Let us be perfectly clear: Good research has an enormous contribution to make—but, when it comes to policy, this contribution is more tentative than we might prefer. Scholarship’s greatest value is not the ability to end policy disputes, but to encourage more thoughtful, disciplined, and tempered debate. In particular, rigorous research can establish parameters as to how big an effect a policy or program might have, even if it fails to conclusively answer whether it “works.” For instance, quality research has quieted the notion that either Teach For America recruits or national-board-certified teachers are likely to have heroic impacts on student achievement.

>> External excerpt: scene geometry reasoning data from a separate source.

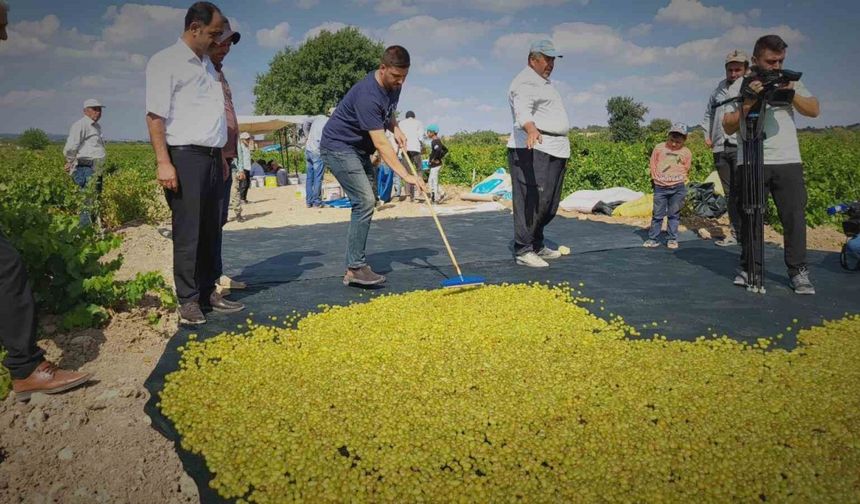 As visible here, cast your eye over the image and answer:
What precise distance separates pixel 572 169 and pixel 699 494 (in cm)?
1189

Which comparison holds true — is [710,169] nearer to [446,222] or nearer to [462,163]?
[446,222]

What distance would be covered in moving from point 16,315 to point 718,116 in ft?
21.1

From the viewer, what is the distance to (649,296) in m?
4.37

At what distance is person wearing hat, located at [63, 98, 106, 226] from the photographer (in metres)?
7.38

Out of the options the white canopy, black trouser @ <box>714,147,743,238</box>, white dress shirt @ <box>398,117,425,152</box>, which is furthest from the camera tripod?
the white canopy

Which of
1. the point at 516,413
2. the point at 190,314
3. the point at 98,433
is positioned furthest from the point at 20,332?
the point at 516,413

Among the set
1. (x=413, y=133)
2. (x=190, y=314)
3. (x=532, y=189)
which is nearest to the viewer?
(x=190, y=314)

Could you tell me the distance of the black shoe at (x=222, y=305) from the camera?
411 centimetres

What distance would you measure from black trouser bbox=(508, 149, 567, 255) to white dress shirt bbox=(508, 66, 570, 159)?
0.36ft

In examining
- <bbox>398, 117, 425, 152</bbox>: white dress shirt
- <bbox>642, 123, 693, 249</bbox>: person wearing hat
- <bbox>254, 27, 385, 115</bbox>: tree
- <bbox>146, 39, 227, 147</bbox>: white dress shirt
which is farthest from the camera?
<bbox>254, 27, 385, 115</bbox>: tree

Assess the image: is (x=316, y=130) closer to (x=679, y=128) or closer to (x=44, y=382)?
(x=679, y=128)

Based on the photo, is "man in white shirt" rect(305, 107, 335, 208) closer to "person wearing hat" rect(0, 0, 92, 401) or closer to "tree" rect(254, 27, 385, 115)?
"person wearing hat" rect(0, 0, 92, 401)

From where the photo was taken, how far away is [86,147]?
24.6 ft

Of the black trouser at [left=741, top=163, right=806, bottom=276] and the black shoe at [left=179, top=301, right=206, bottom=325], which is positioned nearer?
the black shoe at [left=179, top=301, right=206, bottom=325] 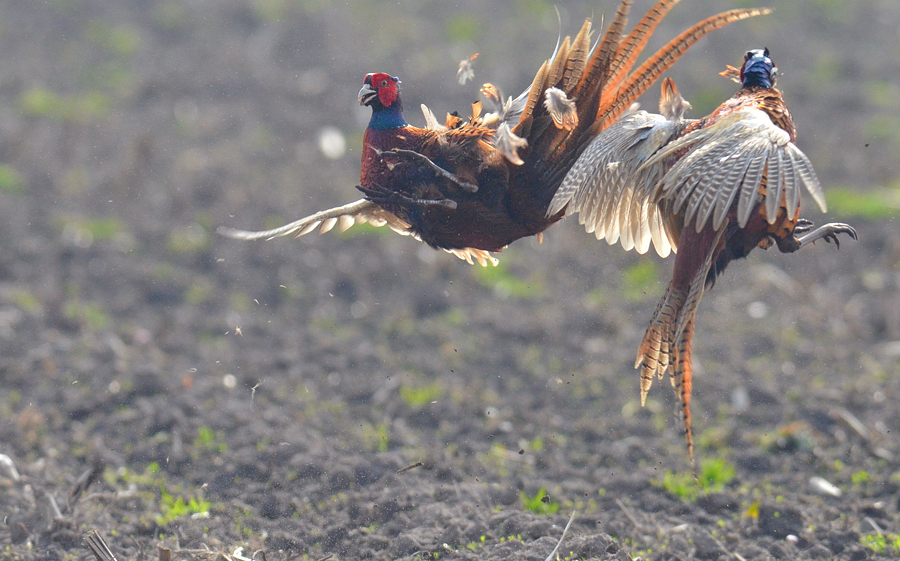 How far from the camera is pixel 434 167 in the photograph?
2.75m

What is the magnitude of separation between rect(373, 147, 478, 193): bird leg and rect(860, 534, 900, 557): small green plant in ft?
7.19

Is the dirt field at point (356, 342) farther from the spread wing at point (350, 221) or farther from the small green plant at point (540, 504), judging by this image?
the spread wing at point (350, 221)

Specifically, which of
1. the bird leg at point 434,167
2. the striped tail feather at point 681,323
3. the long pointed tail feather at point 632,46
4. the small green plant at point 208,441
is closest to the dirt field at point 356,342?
the small green plant at point 208,441

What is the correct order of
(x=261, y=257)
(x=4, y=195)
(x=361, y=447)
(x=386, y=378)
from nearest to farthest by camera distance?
(x=361, y=447) → (x=386, y=378) → (x=261, y=257) → (x=4, y=195)

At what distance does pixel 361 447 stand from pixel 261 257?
90.8 inches

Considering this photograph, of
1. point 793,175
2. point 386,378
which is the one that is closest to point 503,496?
point 386,378

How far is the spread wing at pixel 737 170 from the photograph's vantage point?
243 cm

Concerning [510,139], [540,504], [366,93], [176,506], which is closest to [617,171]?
[510,139]

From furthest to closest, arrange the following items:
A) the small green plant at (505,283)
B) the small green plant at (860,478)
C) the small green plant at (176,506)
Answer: the small green plant at (505,283), the small green plant at (860,478), the small green plant at (176,506)

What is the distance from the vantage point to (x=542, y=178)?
2.92 m

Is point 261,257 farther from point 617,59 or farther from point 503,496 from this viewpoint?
point 617,59

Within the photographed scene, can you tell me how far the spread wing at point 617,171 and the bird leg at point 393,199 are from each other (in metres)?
0.40

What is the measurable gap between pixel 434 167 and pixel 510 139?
0.29 meters

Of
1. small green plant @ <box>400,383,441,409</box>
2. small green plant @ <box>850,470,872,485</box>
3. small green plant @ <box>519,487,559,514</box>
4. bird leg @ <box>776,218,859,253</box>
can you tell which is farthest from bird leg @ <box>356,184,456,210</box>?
small green plant @ <box>850,470,872,485</box>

Researchers can also challenge orthodoxies and raise questions about the conventional wisdom—as has been the case with scholarship questioning the relationship of spending to school performance, or between teacher credentials and teacher performance. Finally, research can illustrate uncomfortable realities, as with research documenting the allocation of dollars in urban districts, the extent of the dropout problem, or the impact of collective bargaining on district practices.
While individual studies cannot carry the weight of contemporary expectations, research as a collective enterprise—the clash of competing scholars attacking questions from different perspectives, with varied assumptions and methodologies—can leave us wiser and better equipped to make good choices. Ultimately, though, sifting through the accumulated evidence can only inform decisions; it cannot relieve us of them.